State-run Bank of Maharashtra is eyeing a 25-30 per cent growth in its net profit in the current financial year, aided by a healthy growth in net interest income (NII) and fall in provisions for bad assets.
In the fiscal ended March 31, 2022, the Pune-based lender reported an over two-fold jump in its profit after tax (PAT) at Rs 1,152 crore, as against Rs 550 crore for the year ended March 2021.
“Our net profit will increase further this fiscal. Last year we had made more provisioning from our operating profit to improve our asset quality. So we have reached the bottom, with net NPA below one per cent and gross NPA lower than 4 per cent.
“Now, more provisioning (for bad loans) may not be required, which will automatically improve our net profit… I think a 25-30 per cent growth in net profit over the previous year’s will be there this fiscal,” its Managing Director and Chief Executive Officer A S Rajeev told PTI in an interview.
Higher profitability will also be driven by a healthy growth in its net interest income (NII), which is the difference between the income a bank earns from its lending activities and the interest it pays to depositors.
“We are optimistic to scale up NII (in FY2023) on account of strong business growth and good asset quality with a target of more than 20 per cent rise over FY2022 to around Rs 7,500 crore,” he said.
NII grew by 23.42 per cent on a year-on-year basis to Rs 6,044 crore in FY2022, as against Rs 4,897 crore in FY2021.
Besides, the bank will also focus on other avenues such as more issuances of Priority Sector Lending Certificates (PSLCs) to boost its profitability. Last year, the lender was able to increase its operating profit by Rs 250 crore because of issuance of PSLCs, he said.
Net Interest Margin (NIM) during the year is expected to be above 3 per cent.
In the previous fiscal, the bank’s gross NPA declined to 3.94 per cent from 7.23 per cent. Net NPA reduced to 0.97 per cent, as against 2.48 per cent in FY2021.
It is targeting net NPA to be below 1 per cent and gross NPA to be less than 3 per cent in the ongoing fiscal, Rajeev added.
Recoveries and upgradation is expected to double to Rs 3,000 crore in FY2023, as against Rs 1,517 crore last fiscal.
Fresh slippages will be around Rs 2,000 crore this year. However, slippages will not be from any large ticket loans but mainly from the micro, small and medium enterprises (MSME) segment, he said.
Speaking on the credit growth, Rajeev said a lot of traction has been witnessed in the corporate loan segment.
“This year, we are looking at a credit growth of around 17 to 18 per cent and deposit growth of 13-15 per cent,” he said.

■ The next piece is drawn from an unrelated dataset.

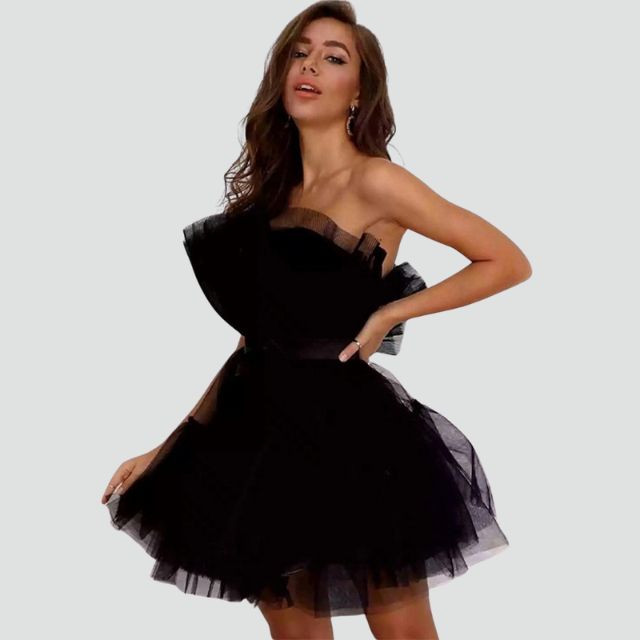 GR | Trägerloses Tüllkleid mit geschichtetem Rock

In the previous fiscal, growth was seen in sectors like pharma, infrastructure, textile, cement and iron ore, which is likely to continue this year as well, Rajeev said.
The lender has a sanctioned pipeline of Rs 20,000-23,000 crore in the corporate loans, spread over 2-3 years. This pipeline is from various sectors, including infrastructure, road projects, manufacturing and pharma.

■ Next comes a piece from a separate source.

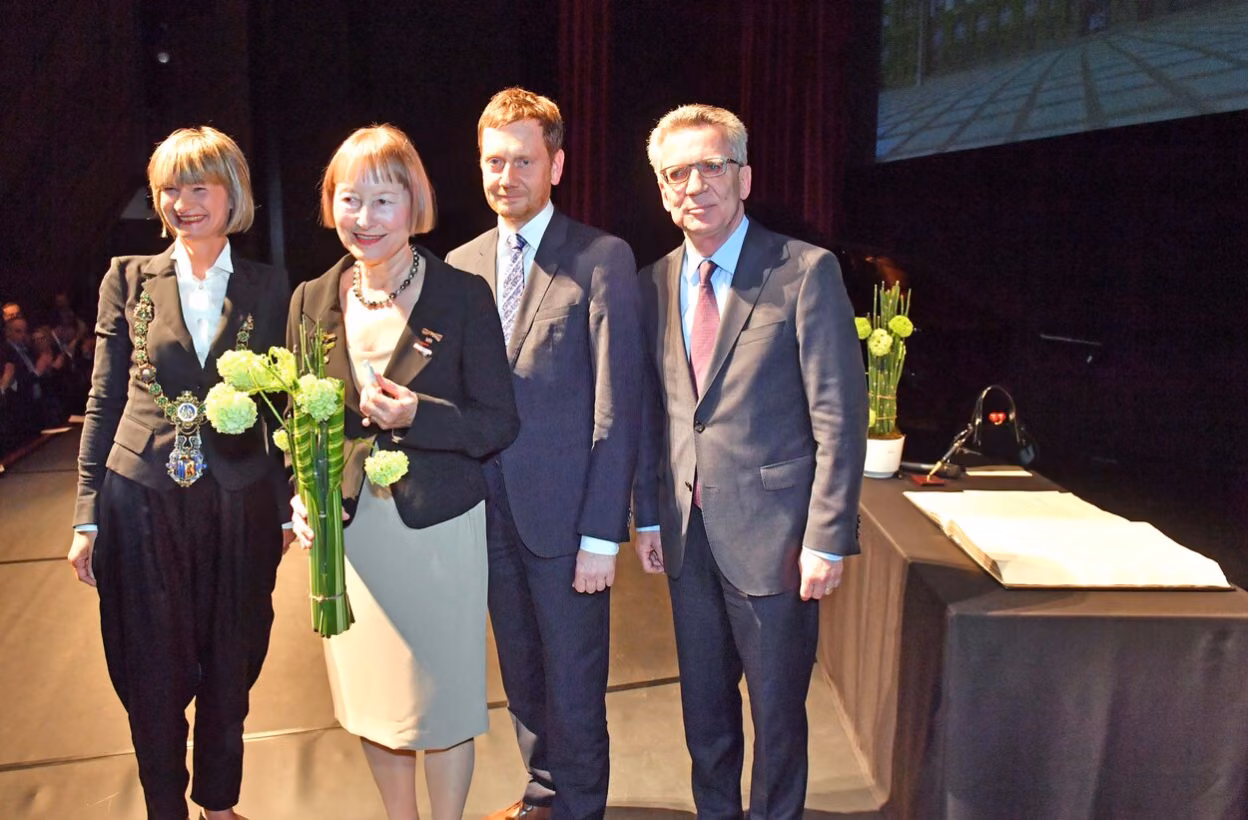 Bild von der Verleihung der Ehrenbürgerschaft: Oberbürgermeisterin Barbara Ludwig, Dr. Ingrid Mössinger, Ministerpräsident Michael Kretschmer und Thomas de Maizière, langjähriger Bundes- und Landesminister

Its retail loan segment grew at 24 per cent in FY2022 due to growth in housing, vehicle, personal and gold loans, driven by low-interest rates and higher discounts.
“We are expecting to grow at a pace of around 20 per cent in FY 2022-23 in the retail loan portfolio,” he said.

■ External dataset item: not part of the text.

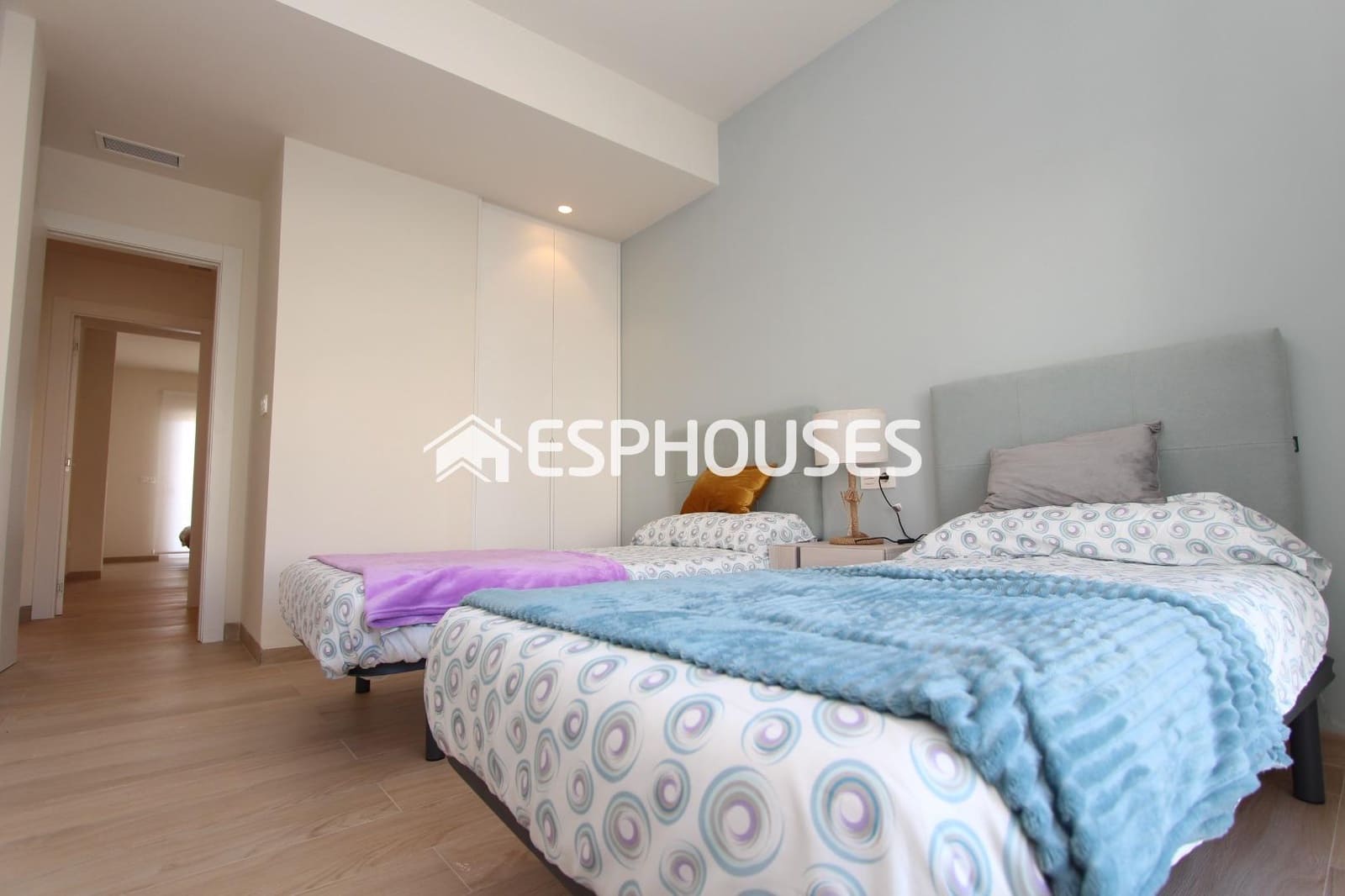 2 chambre Appartement à vendre à Guardamar del Segura avec piscine garage - 330 000 € (Ref: 9444042)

Rajeev said the bank is also pushing credit and deposit growth through opening branches in new geographies.
Over the last 2-2.5 years, it has opened 300 branches in 300 new districts and these branches have contributed around 3-4 per cent growth in business.
The bank is planning to increase its number of branches to 2,100 by March 2023, from 2,030 branches currently, Rajeev said.